I didn’t know who Les McCann was, or what kosmigroov was as a genre, but somehow (I assume from Sea of Tranquility) I picked up a copy of McCann’s Invitation to Openness and haven’t looked back. Or forward, really: I’ve pretty much just stayed with this album, but if this is indicative of what the keyboardist/ composer does on his other albums and I’ll need to rectify that soon. Both meditative and funky, psychedelic and jazzy, it’s a gorgeous record that can match me when I need to send into the clouds or come down from the ledge.

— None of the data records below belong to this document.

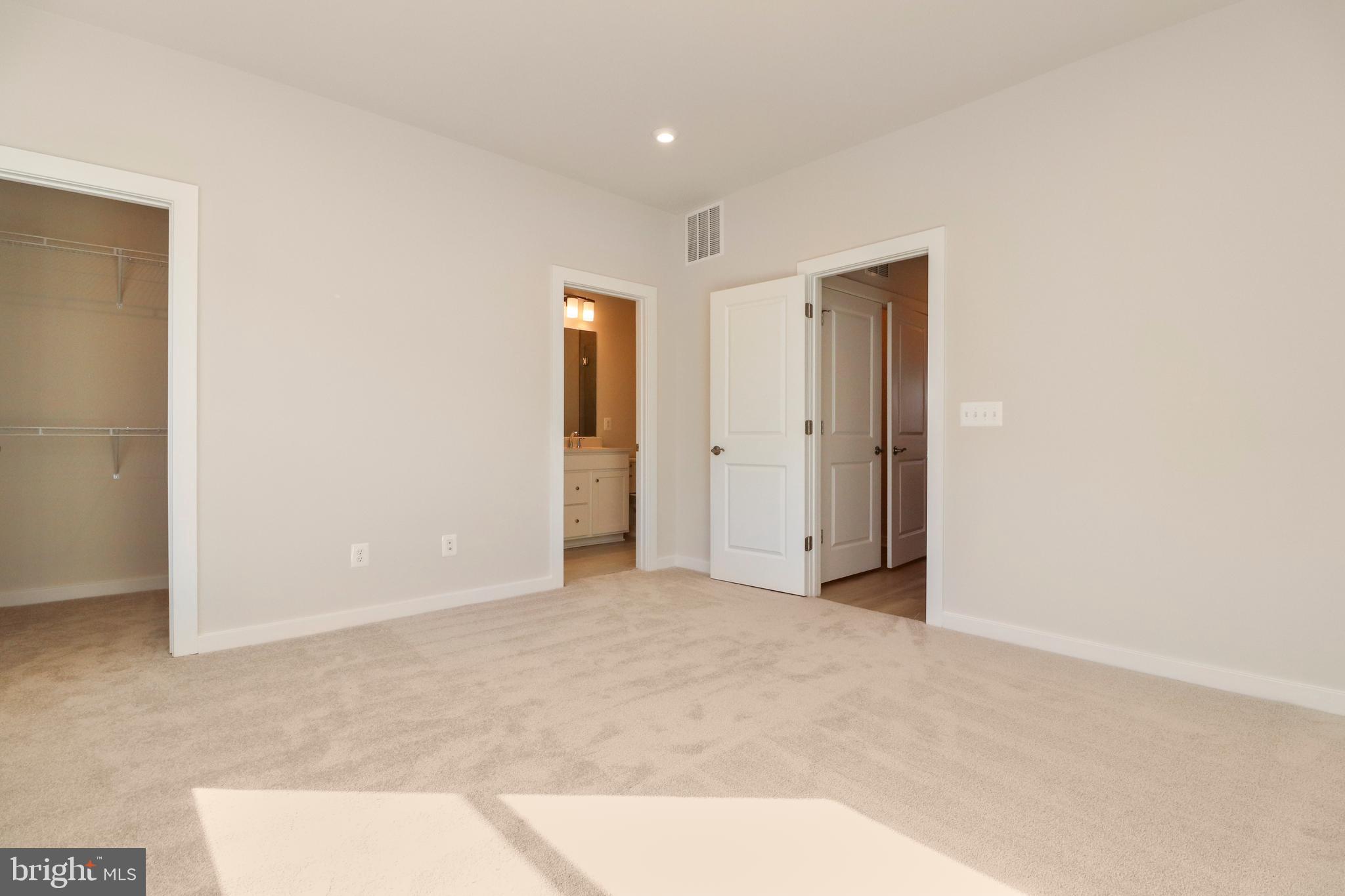 2176 Glacier Road Herndon, VA 20170 - Photo 23 of 42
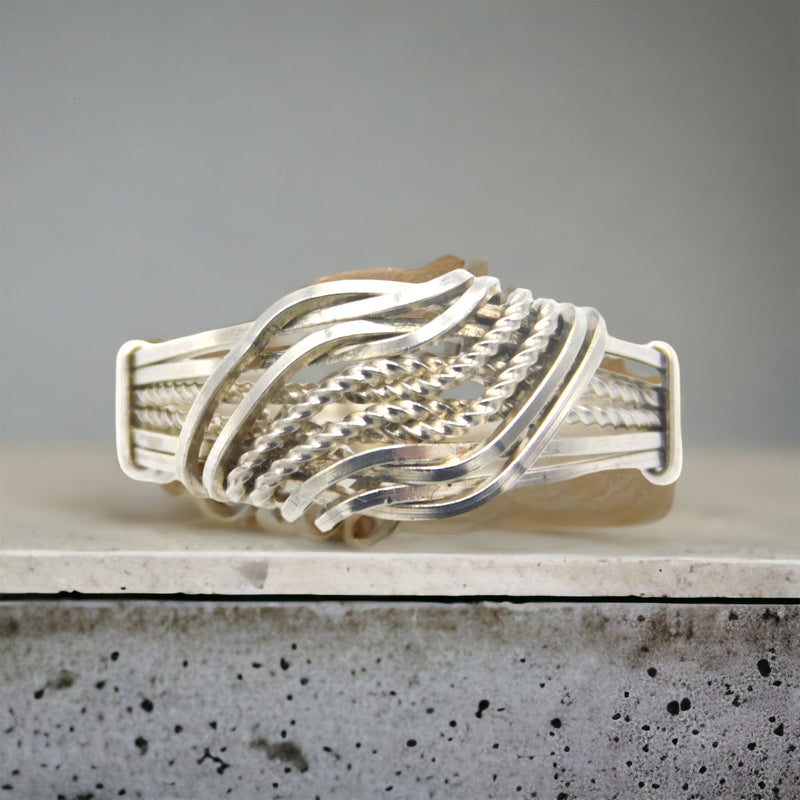 The Wave Ring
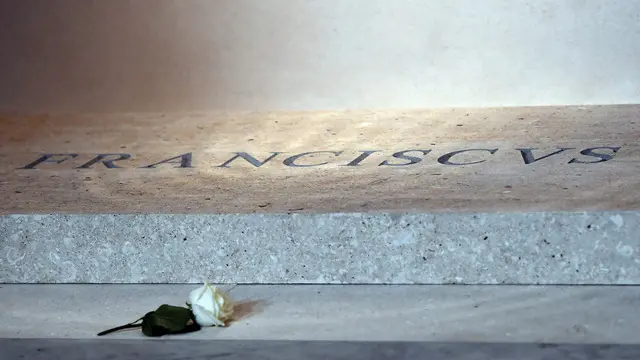 Primo giorno di visita dei fedeli della tomba di Papa Francesco nella Basilica di Santa Maria Maggiore Roma, 27 aprile 2025 ANSA/FABIO CIMAGLIA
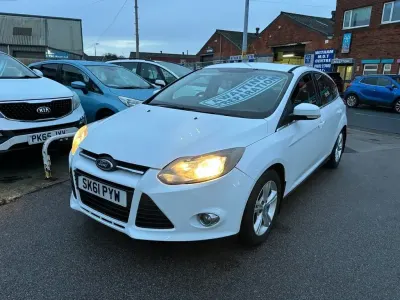 Used Ford Focus Zetec 115 HP (84 kW) 2011 White Hatchback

In my limited experience, the closest thing I can equate Invitation to Openness to is Miles Davis’s In A Silent Way, but that doesn’t capture the funky accents McCann and his colleagues bring to the three meaty tunes. There’s a clear sense of improvisation, finding a groove and really laying into it. Maybe throw some of Davis’s Cellar Door Sessions in there and you start to get a sense of things.
It opens with the 26-minute epic “The Lovers” and if there’s one Les McCann track to listen to, it’s this one. Completely improvised on the spot according to the recollections of producer Joel Dorn, who also assembled the musicians to play the session. It opens with McCann very much channeling the kind of spacey, ethereal washes and melodies I think of right before Davis went full jazz rock. Eventually the drums kick in, and with guitarists David Spinozza and Cornell Dupree in tow the beat starts to come in, giving a more ominous feel as McCann plays in front, behind and around the rhythms, the funk slowly starting to emerge from the mists at the five-minute mark. Saxophonist Yusef Lateef takes the exotic themes over, and his playing is sublime here, also contributing oboe, flute, and more percussion.
As “The Lovers” moves through its close to half-hour runtime, the groove shifts the tone from ambient jazz to funk to psychedelic soul and back again, a marvel of holding things together if this was truly all improvised on the spot. And if it were the only thing on Invitation to Openness it would be enough, but the second side has two more funked up compositions. “Beaux J. Poo Boo” was originally an acoustic number on McCann’s 1965 album of the same name. Here it’s completely electrified and the length is doubled to let the players stretch out and create a much more cosmic soul groove than the upbeat original had (still really good, listen here), with Lateef’s flute playing being the standout. The percussion comes from four different drummers, and although there’s no credits listed for who does what on each track, seeing names like Bernard Purdie, Donald Dean, and William “Buck” Clarke contributing reinforces the caliber of player McCann and Dorn put together.
The album proper closes with “Poo Pye McGoochie” whose puerile name is supposed to evoke the fun, sometimes nasty things McCann and his friends would get into as children. The opening moments however convey a much different, torch like vibe before the music again kicks in with the drums to something more playful. And though either this nor “Beaux J. Poo Boo” have the same weight as “The Lovers” you can certainly hear the same ideas and structures working to the songs’ benefit. With such long tracks I have no idea how compressed a vinyl version of Invitation to Openness would sound, so thank you Omnivore Recordings for putting out a stellar CD reissue that also has a bonus live cut of “Compared to What” from 1975.
It all sounds amazing, and if you’re into this period of jazz at all, I might just consider this essential.